LESSONS YOU CAN TAKE FROM THIS:
1. AI tools are great for prototypes, but production is a different game
A major takeaway from this session is that AI builders are excellent for proof of concept, early discovery, and validating whether an idea is possible. But once you move into user acceptance testing and go-live prep, the cracks start to show. Security gaps, unstable outputs, broken logic, and edge-case failures all become much more visible when the product has to perform in the real world.
2. Smaller launches are often the smarter path
Both Leigh-Anne and Micah highlight an important product lesson: trying to launch everything at once can keep you from launching at all. A smaller, simpler release with fewer moving parts is often more realistic, easier to test, and faster to improve. That kind of discipline matters, especially when the tooling is evolving so quickly underneath the product itself.
3. Go-live readiness includes governance, not just functionality
This session also surfaces an issue more builders need to think about: if agents or automations are updating files, sheets, or client records, who is actually making those changes? Auditability, ownership, email setup, bot identities, and traceability all matter. A tool that “works” is still not ready if you cannot clearly track what changed, why it changed, and who or what triggered it.

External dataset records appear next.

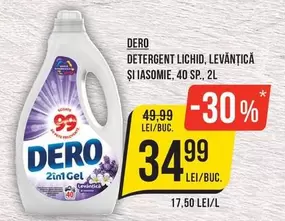 Dero - Detergent Lichid, Levantică și Iasomie, 2L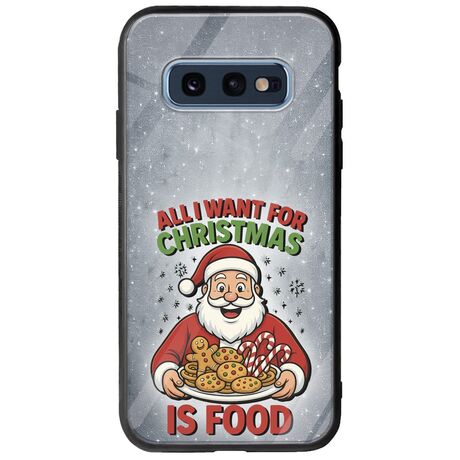 All I Want For Christmas Is - Food Samsung Galaxy S10e Groove TPU (Tempered Glass και TPU)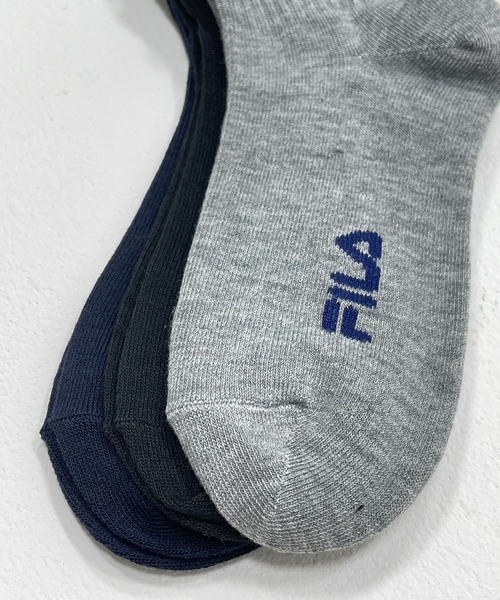 FILA（フィラ）の「FILA フィラ ソックス ベーシックブランド ロゴ 刺繍 靴下 3足セット 25～27cm（ソックス/靴下・メンズ・マルチ/ブラック/その他/ホワイト・25-27CM）」の19枚目の写真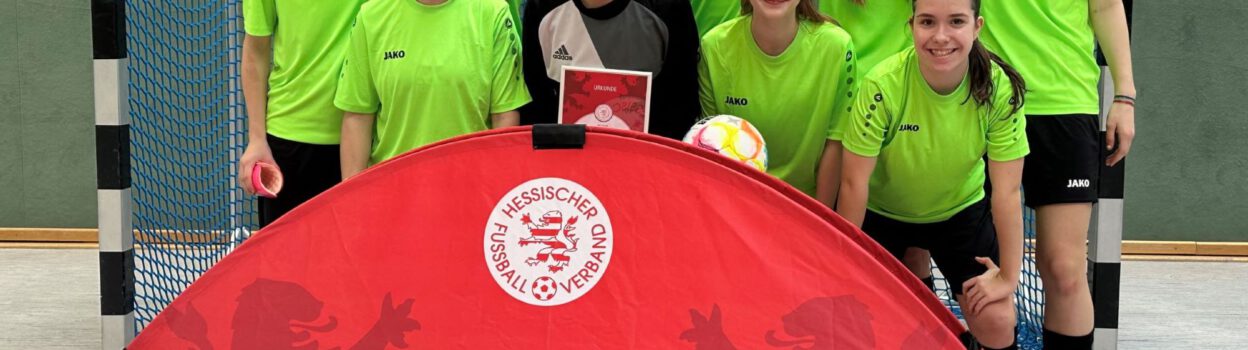 U17-Mädels erspielen sich bei der Futsal-Hessenmeisterschaft einen tollen 2. Platz!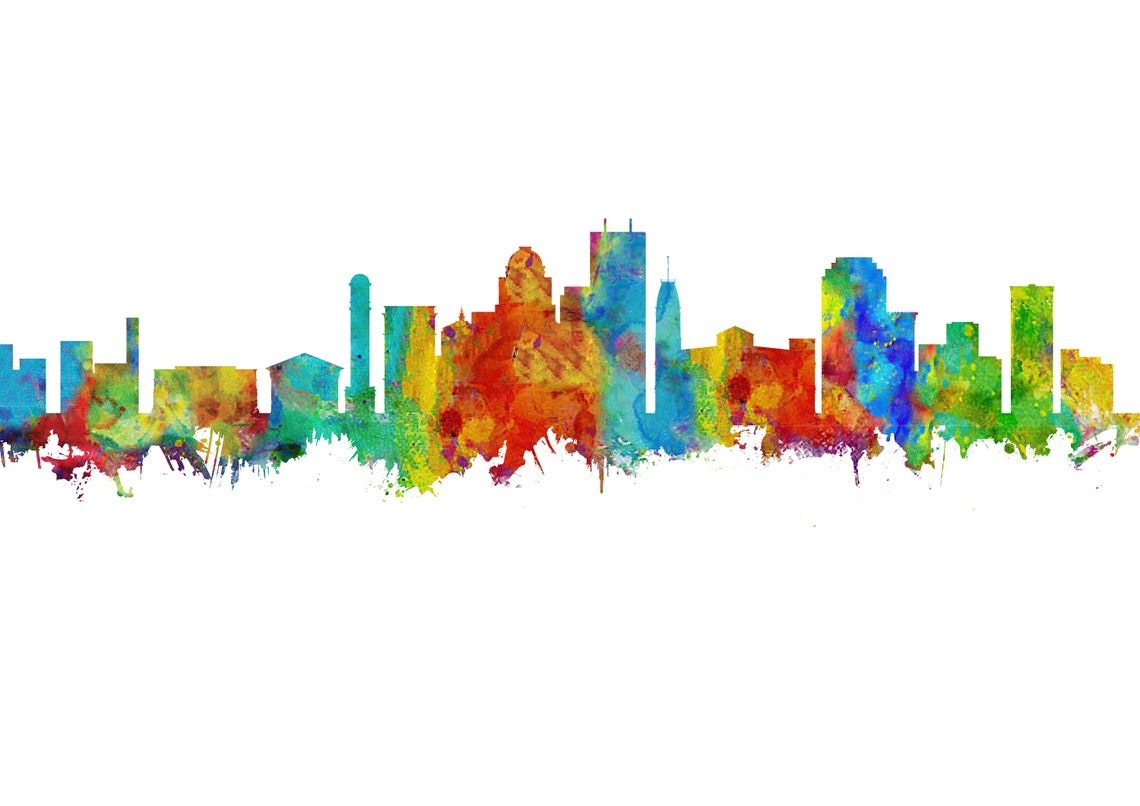 Louisville Art Print Louisville Wall Art Print Louisville Etsy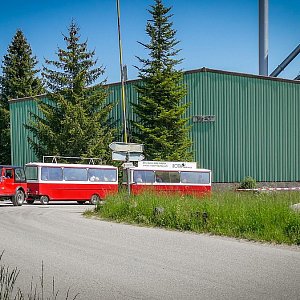 mit dem Zügli alle Info-Posten erreicht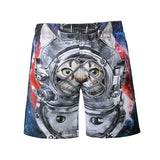 S5266,Beach,Shorts,Board,Shorts,Astronaut,Space,Printing,Drying,Waterproof,Elasticity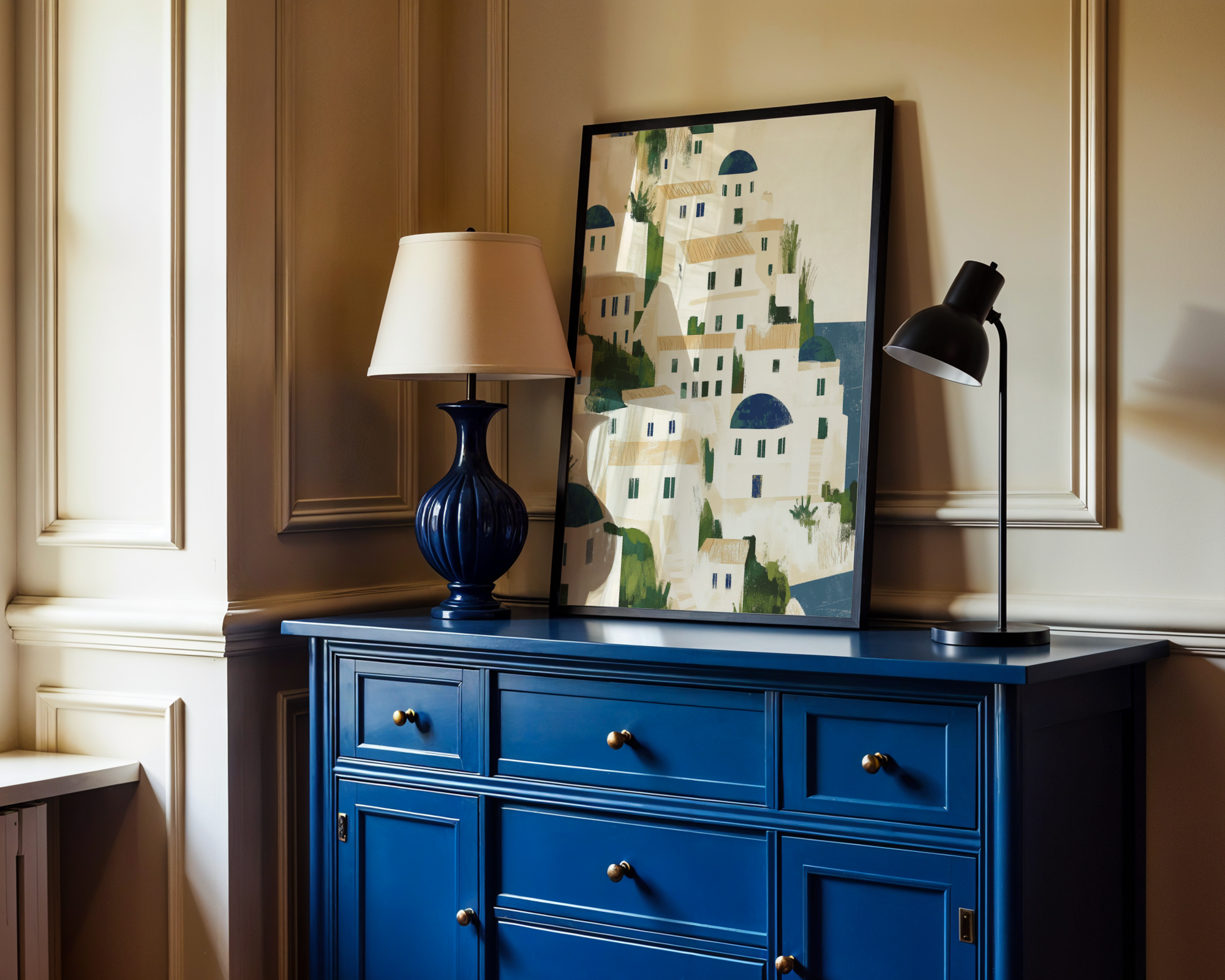 Echoes of Santorini Poster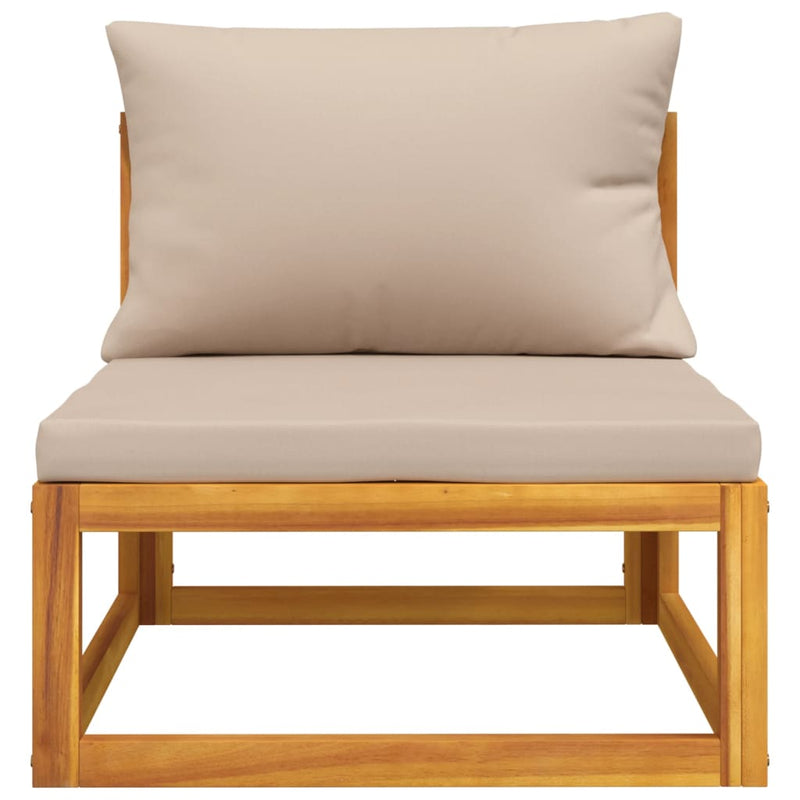 vidaXL 2 Piece Garden Sofa Set with Cushions Solid Wood Acacia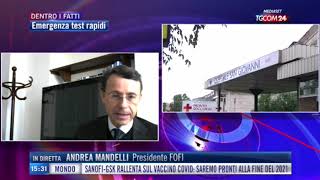 Andrea Mandelli Presidente della FOFI interviene a Dentro i fatti di tgcom24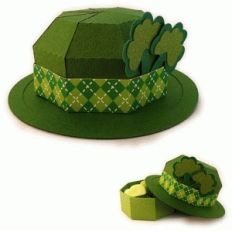leprechaun bowler hat box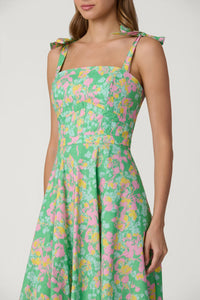 Shoshanna Majorelle Floral Print Sundress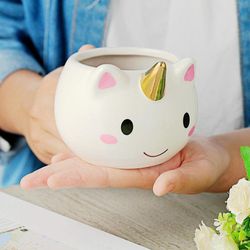 gold unicorn mug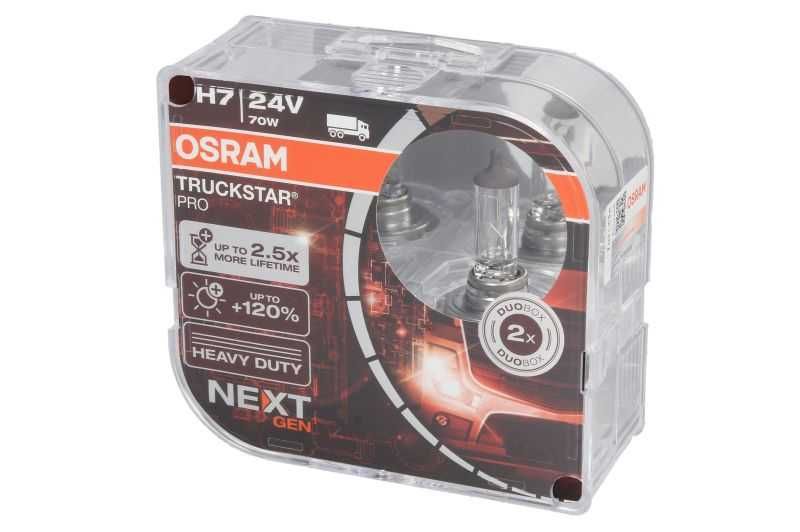 OSRAM H7 Truckstar Pro Plus 100% Next Gen 24V халогенни крушки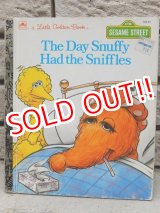 画像: bk-160615-01 Sesame Street The Day Snuffy Had the Sniffles / 80's Little Golden Book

4. Sometimes the fastest path forward is rebuilding on a better foundation
One of the strongest insights in this conversation is that iteration is not always about adding more. Sometimes the right move is to start again with what you now know. Because these tools are improving so quickly, rebuilding a cleaner version with a stronger foundation can be more effective than endlessly patching an early prototype that was never built to scale.
KEY TAKEAWAYS:
AI-built prototypes can validate ideas quickly, but production readiness takes much more work.
Smaller, simpler launches are often more realistic than feature-heavy first releases.
Security, audit trails, and ownership matter as much as the app itself.
Rebuilding from a stronger foundation can be smarter than over-patching a weak one.
Go-live is often the longest and most demanding phase of the whole build.